How python-Levenshtein.ratio is computed
Question:
According to the python-Levenshtein.ratio
source:
https://github.com/miohtama/python-Levenshtein/blob/master/Levenshtein.c#L722
it’s computed as (lensum - ldist) / lensum
. This works for
# pip install python-Levenshtein
import Levenshtein
Levenshtein.distance('ab', 'a') # returns 1
Levenshtein.ratio('ab', 'a') # returns 0.666666
However, it seems to break with
Levenshtein.distance('ab', 'ac') # returns 1
Levenshtein.ratio('ab', 'ac') # returns 0.5
I feel I must be missing something very simple.. but why not 0.75
?
Answers:
Levenshtein distance for 'ab'
and 'ac'
as below:
so alignment is:
a c
a b
Alignment length = 2
number of mismatch = 1
Levenshtein Distance
is 1
because only one substitutions is required to transfer ac
into ab
(or reverse)
Distance ratio = (Levenshtein Distance)/(Alignment length ) = 0.5
EDIT
you are writing
(lensum - ldist) / lensum
= (1 - ldist/lensum)
= 1 – 0.5 = 0.5.
But this is matching (not distance)
REFFRENCE, you may notice its written
Matching %
p = (1 - l/m) × 100
Where l
is the levenshtein distance
and m
is the length of the longest of the two
words:
(notice: some author use longest of the two, I used alignment length)
(1 - 3/7) × 100 = 57.14...
(Word 1 Word 2 RATIO Mis-Match Match%
AB AB 0 0 (1 - 0/2 )*100 = 100%
CD AB 1 2 (1 - 2/2 )*100 = 0%
AB AC .5 1 (1 - 1/2 )*100 = 50%
Why some authors divide by alignment length,other by max length of one of both?.., because Levenshtein don’t consider gap. Distance = number of edits (insertion + deletion + replacement), While Needleman–Wunsch algorithm that is standard global alignment consider gap. This is (gap) difference between Needleman–Wunsch and Levenshtein, so much of paper use max distance between two sequences (BUT THIS IS MY OWN UNDERSTANDING, AND IAM NOT SURE 100%)
Here is IEEE TRANSACTIONS ON PAITERN ANALYSIS : Computation of Normalized Edit Distance and Applications In this paper Normalized Edit Distance as followed:
Given two strings X and Y over a finite alphabet, the normalized edit distance between X and Y, d( X , Y ) is defined as the minimum of W( P ) / L ( P )w, here P is an editing path between X and Y , W ( P ) is the sum of the weights of the elementary edit operations of P, and L(P) is the number of these operations (length of P).
Although there’s no absolute standard, normalized Levensthein distance is most commonly defined ldist / max(len(a), len(b))
. That would yield .5 for both examples.
The max
makes sense since it is the lowest upper bound on Levenshtein distance: to obtain a
from b
where len(a) > len(b)
, you can always substitute the first len(b)
elements of b
with the corresponding ones from a
, then insert the missing part a[len(b):]
, for a total of len(a)
edit operations.
This argument extends in the obvious way to the case where len(a) <= len(b)
. To turn normalized distance into a similarity measure, subtract it from one: 1 - ldist / max(len(a), len(b))
.
By looking more carefully at the C code, I found that this apparent contradiction is due to the fact that ratio
treats the “replace” edit operation differently than the other operations (i.e. with a cost of 2), whereas distance
treats them all the same with a cost of 1.

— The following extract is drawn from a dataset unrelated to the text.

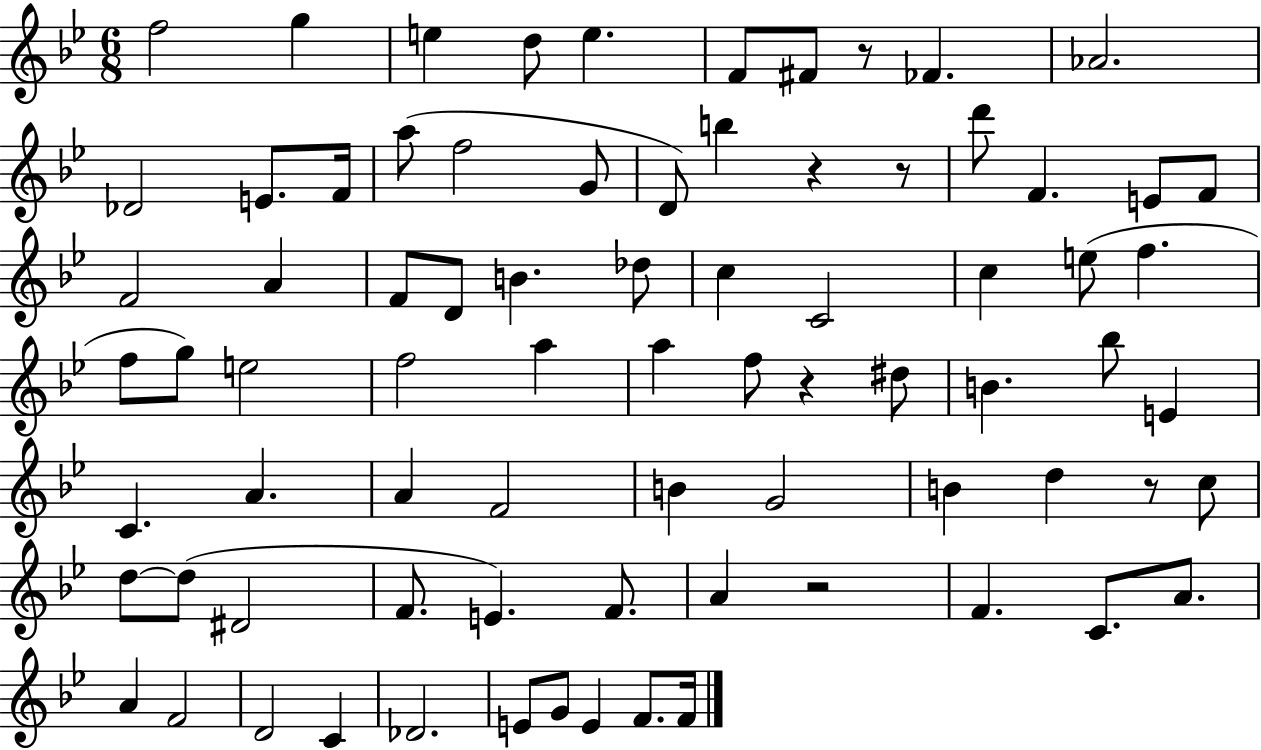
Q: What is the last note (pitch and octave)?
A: F4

This can be seen in the calls to the internal levenshtein_common
function made within ratio_py
function:
https://github.com/miohtama/python-Levenshtein/blob/master/Levenshtein.c#L727
static PyObject*
ratio_py(PyObject *self, PyObject *args)
{
size_t lensum;
long int ldist;
if ((ldist = levenshtein_common(args, "ratio", 1, &lensum)) < 0) //Call
return NULL;
if (lensum == 0)
return PyFloat_FromDouble(1.0);
return PyFloat_FromDouble((double)(lensum - ldist)/(lensum));
}
and by distance_py
function:
https://github.com/miohtama/python-Levenshtein/blob/master/Levenshtein.c#L715
static PyObject*
distance_py(PyObject *self, PyObject *args)
{
size_t lensum;
long int ldist;
if ((ldist = levenshtein_common(args, "distance", 0, &lensum)) < 0)
return NULL;
return PyInt_FromLong((long)ldist);
}
which ultimately results in different cost arguments being sent to another internal function, lev_edit_distance
, which has the following doc snippet:
@xcost: If nonzero, the replace operation has weight 2, otherwise all
edit operations have equal weights of 1.
Code of lev_edit_distance():
/**
* lev_edit_distance:
* @len1: The length of @string1.
* @string1: A sequence of bytes of length @len1, may contain NUL characters.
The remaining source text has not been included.